One of my minds many backburners has been simmering away for months at the idea of quitting facebook. Sure, I could have better used that backburner on some research question which would improve the grade quality of my degree, but we can’t be all work.
I haven’t been methodical, weighing pros and cons, or categorising the things I have read when I look at the broader implications of a facebook universe. To be completely honest, I had a gut instinct long ago telling me to escape from this particular digital moebius strip, and have waffled because my realtime, actual, face-to-face social network is so miniscule, that what the devil offers seems like a good compromise.
Like many of life’s bigger decisions, after prolonged reflection, calculated deliberation and an adequate weighing of the facts, I reneged on making a decision, I prorogued my personal government, I acted as though not deciding was not a decision in itself.
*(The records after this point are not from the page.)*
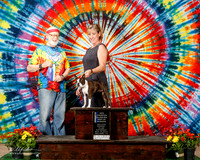Boston Terrier #24 Sat Maj BOW Radcliffe Karen Judge Dr Dale D Simmons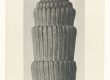 Karl Blossfeldt, Equisetum hiemale: stark vergrößerte Schachtelhalm-Triebe, die wie Säulen wirken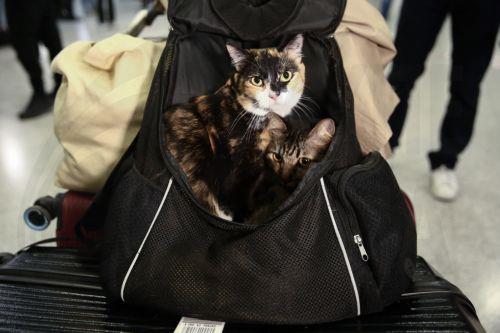 epa12831004 A cat sits inside its owner's luggage after being repatriated on a flight organized by the Greek Ministry of Foreign Affairs from Abu Dhabi at Eleftherios Venizelos Airport in Athens, Greece, 18 March 2026. About 100 Greek nationals were repatriated under the Greek Ministry of Foreign Affairs' special 'Kivotos' operation, which includes the...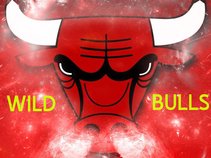 Wild Bulls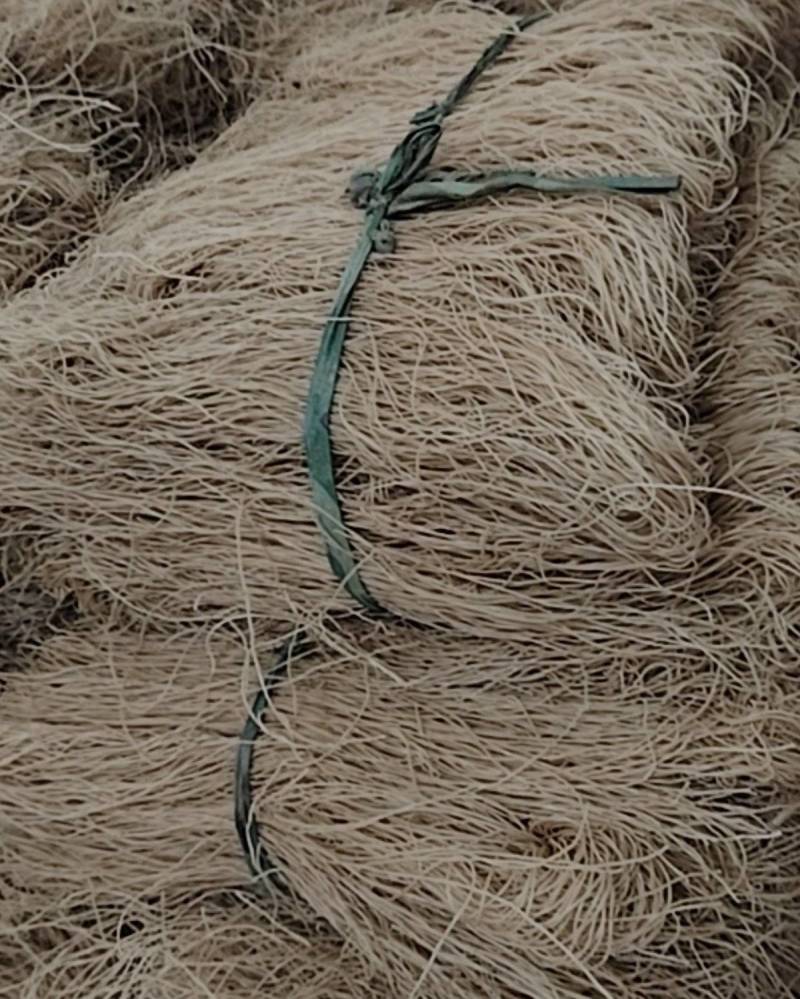 薯粉条
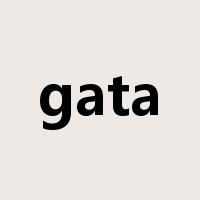 gata是什么意思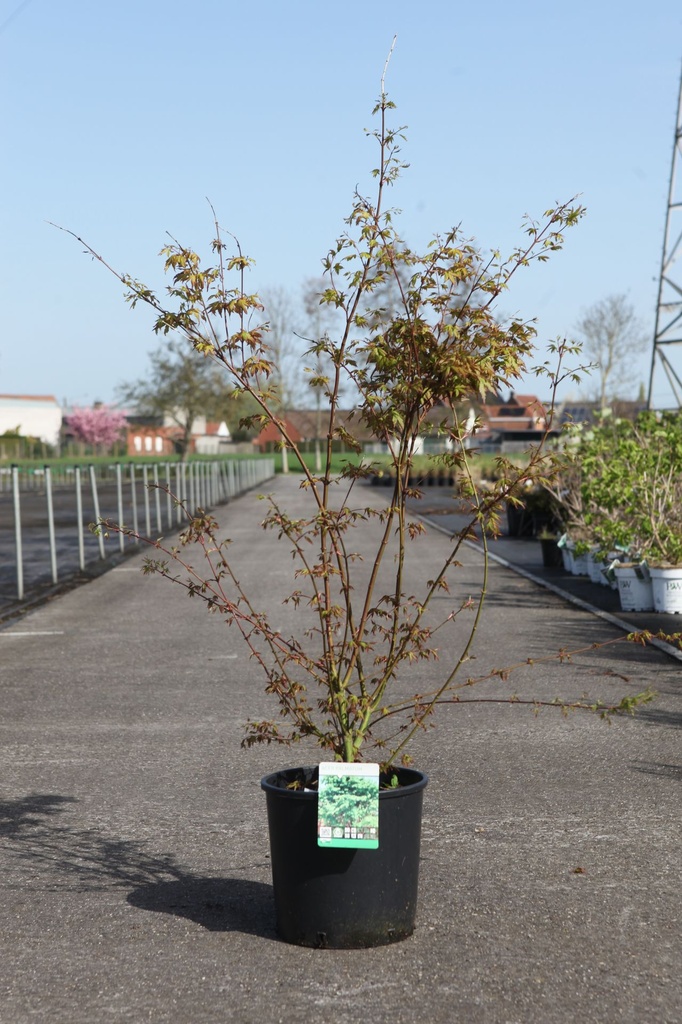 [P] Acer palmatum cont. 12L 80-100 cm +ф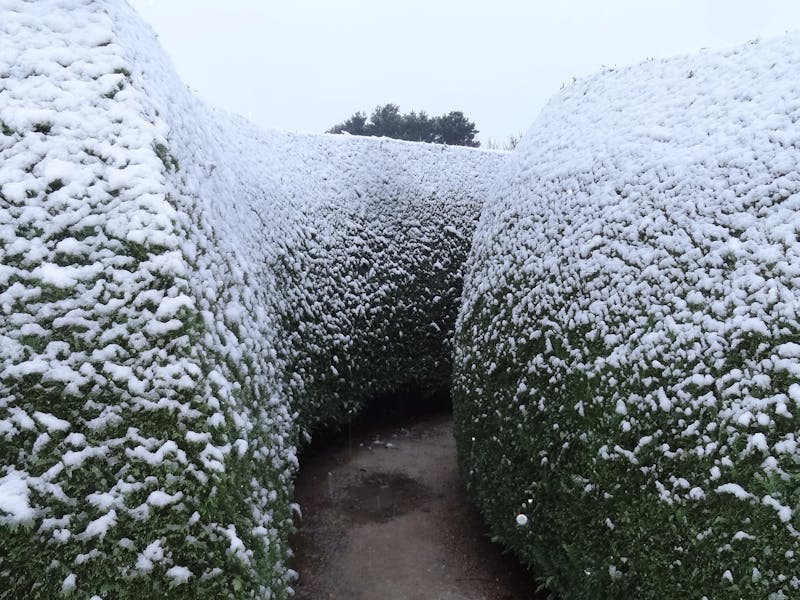 Image for Winter School Holidays at Maze House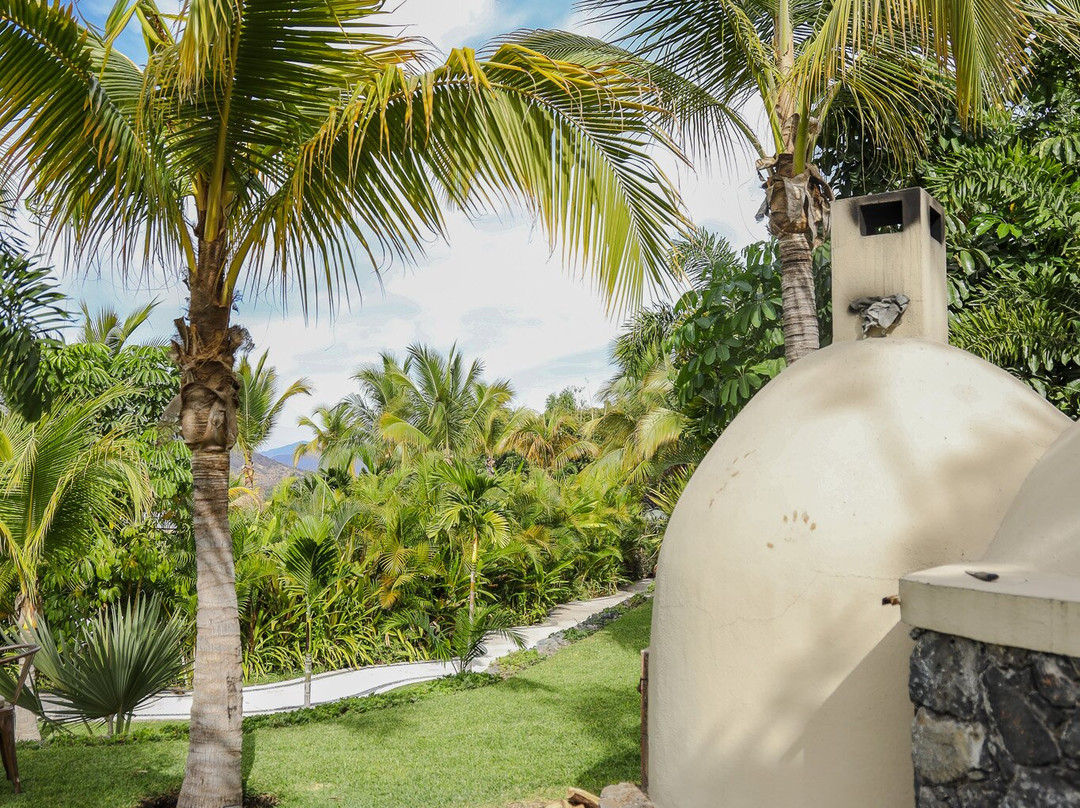 Soul Spring Sanctuary主图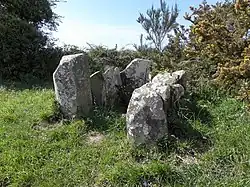 Image illustrative de l’article Lit de Saint-Jean (Guimaëc)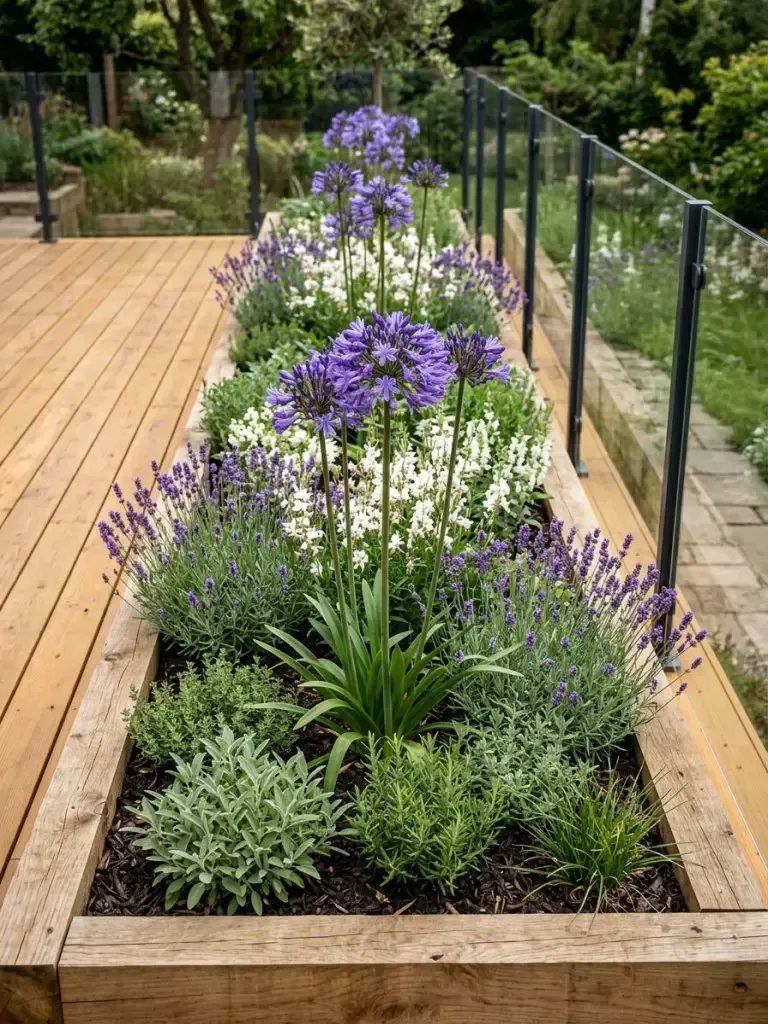 Long wooden raised garden bed filled with purple agapanthus, white flowers, and lavender plants.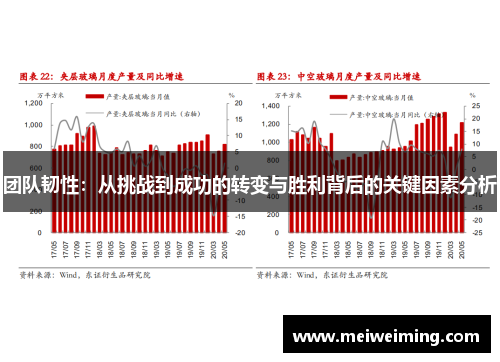 团队韧性：从挑战到成功的转变与胜利背后的关键因素分析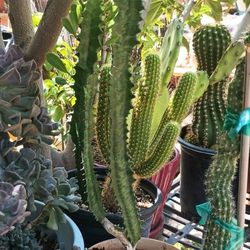 Cactus And Succulents.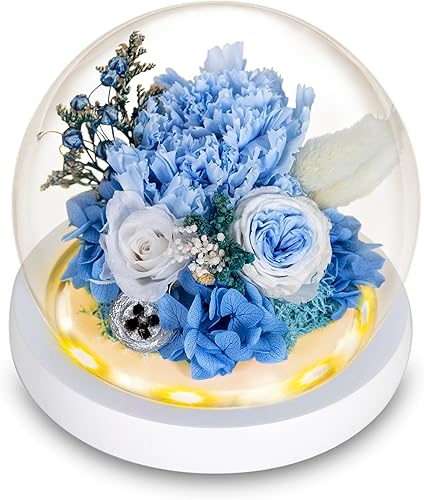 Miniatura 1 de DONODA Regalo de rosa para mujer, regalo de flor de cristal de galaxia con luz en cúpula de cristal, Navidad, Acción de Gracias, día de San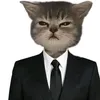 fjwidbgwj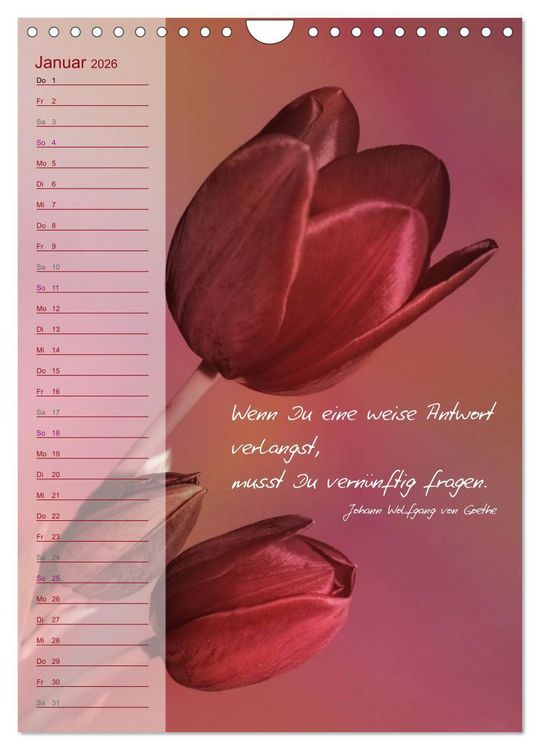 Produktbild: Blumen & Zitate / Geburtstagskalender (Wandkalender 2026 DIN A4 hoch), CALVENDO Monatskalender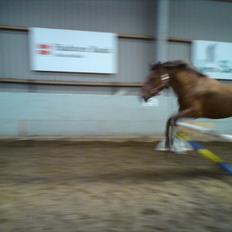 Anden særlig race Thomas (væk)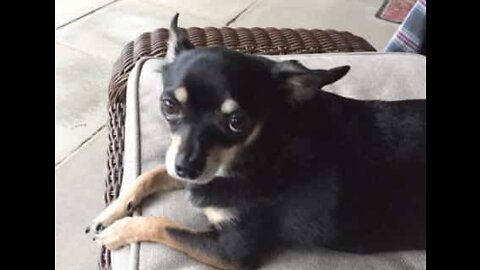 Dog likes to oversee owner's exercises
I am not an elected official in my own personal kingdom, and yet I often treat controversial decisions as though I were. Seriously, what am I going to do in the face of a poor decision, fire me?
My understanding is that facebook has hundreds of millions of users. I'm sure there is wide variation in how their usage breaks down. Some use it as a convenient message board, some escape and procrastinate through thousands of mindless applications(which exist mostly to capture information –it’s called data mining), some invest exorbitant energy into constructing their online identities and work hard to ensure lots of activity on their page. Some users , like wallflowers of yore, watch the world around them, except with profoundly far reaching abilities—not necessarily stalkers or spies, just a casual ability to view virtual approximations of events in a sort of world very separate from themselves..
All of us, to one degree or another enjoy strange new social properties unheard of in human history. We watch the daily unfolding of life in statuses and comments and links for a brief acquaintance we made decades earlier who we haven’t seen, in years, nor will we ever see again who lives on another continent, and who maybe we have no direct communication with beyond that initial decision to click yes to a friendship request. And, with the esoteric nature of what is private and what is not, we may end up exploring the photos and lists and profiles of friends of friends of friends(and think about how tenuous the link of “friend” is in the first place).
Compare this to a few years ago. You are walking down the street in some city you live in, or are visiting. Across the street, you recognise someone, vaguely . What did you do in this situation versus what do you do now in a facebook universe? Let’s assume the person you recognise isn’t some loathed ex romantic interest, or some other enemy(though people often add these to their friends lists--combining the distant safety of online relations with the desire to promote networks). Let’s say the person across the street is simply someone who was once a neighbour, a classmate, a co-worker. Someone who you knew by first name, even if you were never even full acquaintances, let alone friends—just someone you were aware of. In the analog days of physical interaction, you might have ignored them, even avoided eye contact, because you were too busy to stop for a minutes empty chat, or you might have stopped and said hi, and exchanged a few honest pleasantries. And that would be it.
But today, the “street” you run into another in is the internet, perhaps facebook. The ensuing moment of contact results in a permanent link, keeping you and that other fully up to date on all your daily goings on, and providing some level of access to everyone that each knows.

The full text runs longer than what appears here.